What happens next, I don't know. But Barry sues the human race. Yes, you read that correctly. The next clip involved Barry in a court room with a judge voiced by Oprah Winfrey. With the help of Vanessa, Barry and family of thousands of bees are taking of the honey industry, represented by Layton T. Montgomery (voiced by John Goodman) Barry pleads to the jury, and brings a few surprise witnesses to the stand including the singer Sting (minus the Police) and Ray Liotta in a hilarious self voiced cameo.

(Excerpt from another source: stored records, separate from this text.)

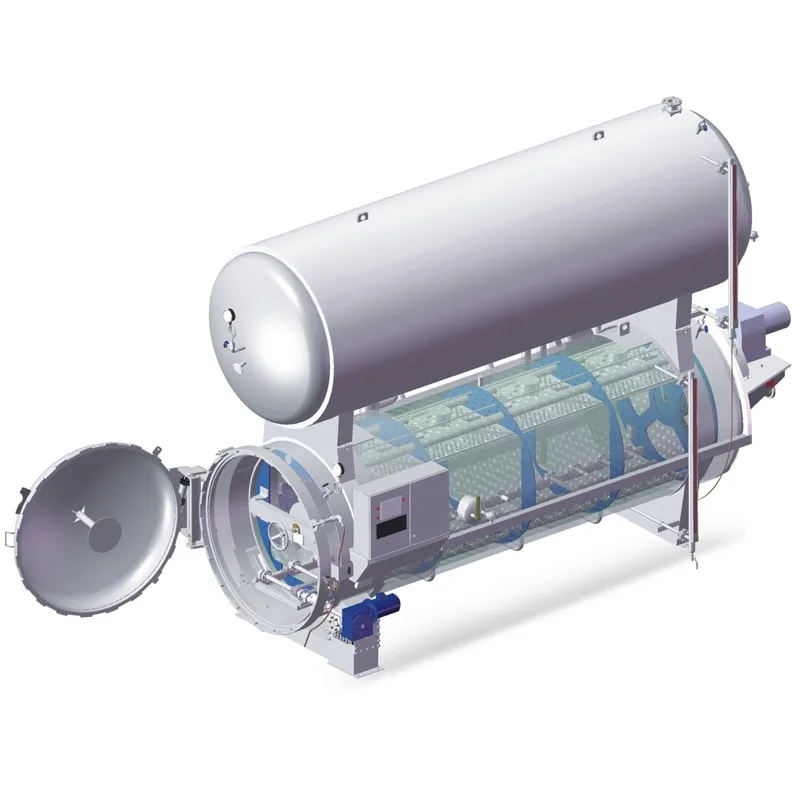 SUMPOT CTXZ1400x3900mm coconut milk water immersion rotary retort autoclave sterilizer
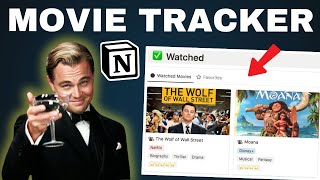 Build A Movie Tracker From Scratch | Notion Tutorial screenshot 1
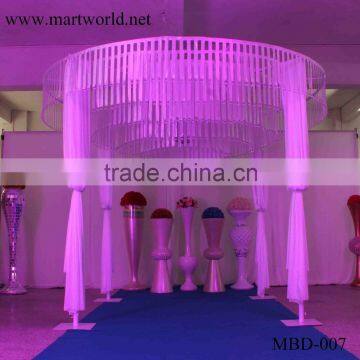 Beautiful White Round Shape Fabric Wedding Mandap Decoration for Weding Decoration Supplise in Guangzhou MBD-007 photo-6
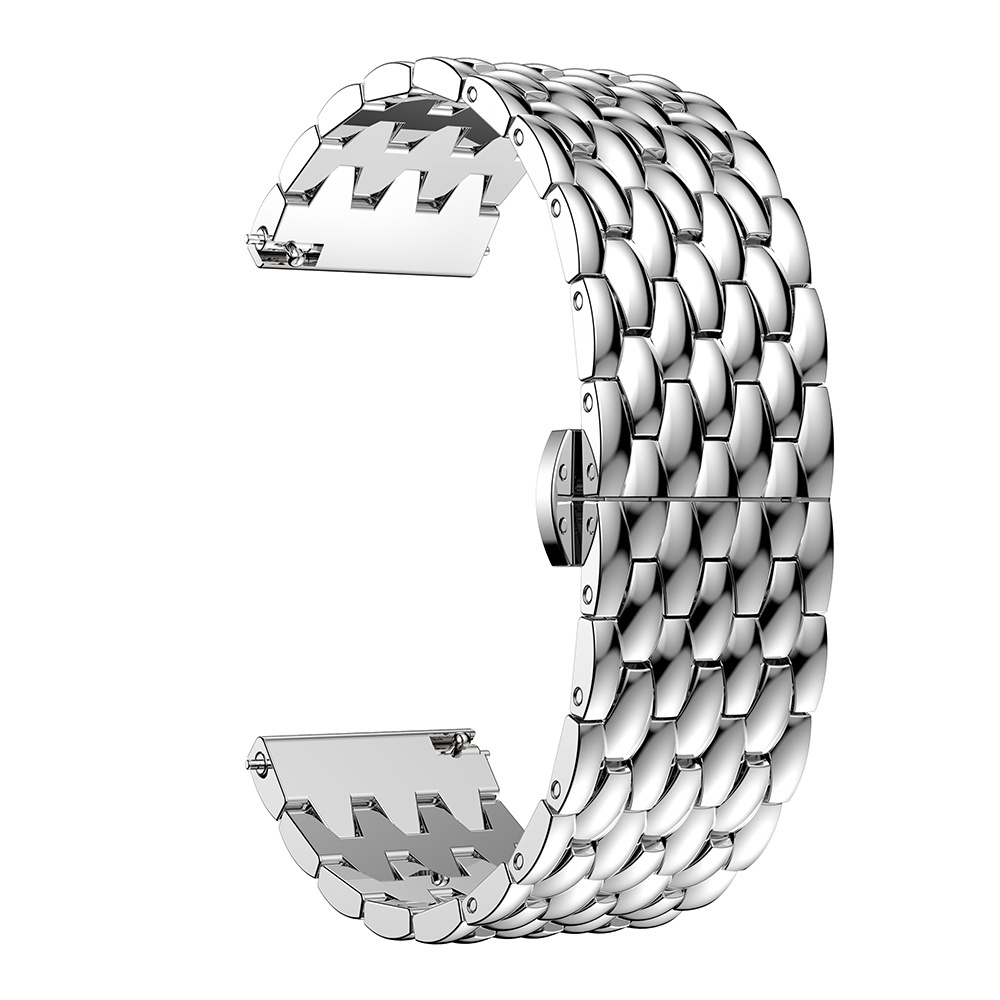 Cinturino a maglie in acciaio con drago per Huawei GT - argento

Barry becomes a media sensation, and the next clip shows him on the Hive at 5 tv news, and an interview with Bee King Live (a parody of Larry King Live with a bee voiced by Larry King). Barry asks Bee King his age and muses about the human version of Larry King. I know this doesn't sound funny, but the people in the theater were hysterical with laughter during this sequence.
I'm not quite sure what part of the story this leaves off at, but unlike most movies, the court room battle is not the final confrontation. They story takes a few more twists including the Bees gaining possession of all the bottled honey, which allows them not to work, which causes most of the New York City flowers to die. And of course, Barry's Vanessa loves flowers...
The presentation really surprised me, especially the last two segments, which were a real twist in the expected usual storyline. I mean, who would have thought about having the bees file a lawsuit which results in a huge court case? Most animated movies would keep the bees within their world, and far away from such a storyline. Hickener and Seinfeld wisely chose not to have the characters be modeled off of the voice actors. They are characters, unlike most other non-Pixar animated films. The dialogue is sharp, funny, but real. Seinfeld's observational humor is fresh again in a new and exciting unexplored world of the Bees. I'm now suddenly very excited to see The Bee Movie.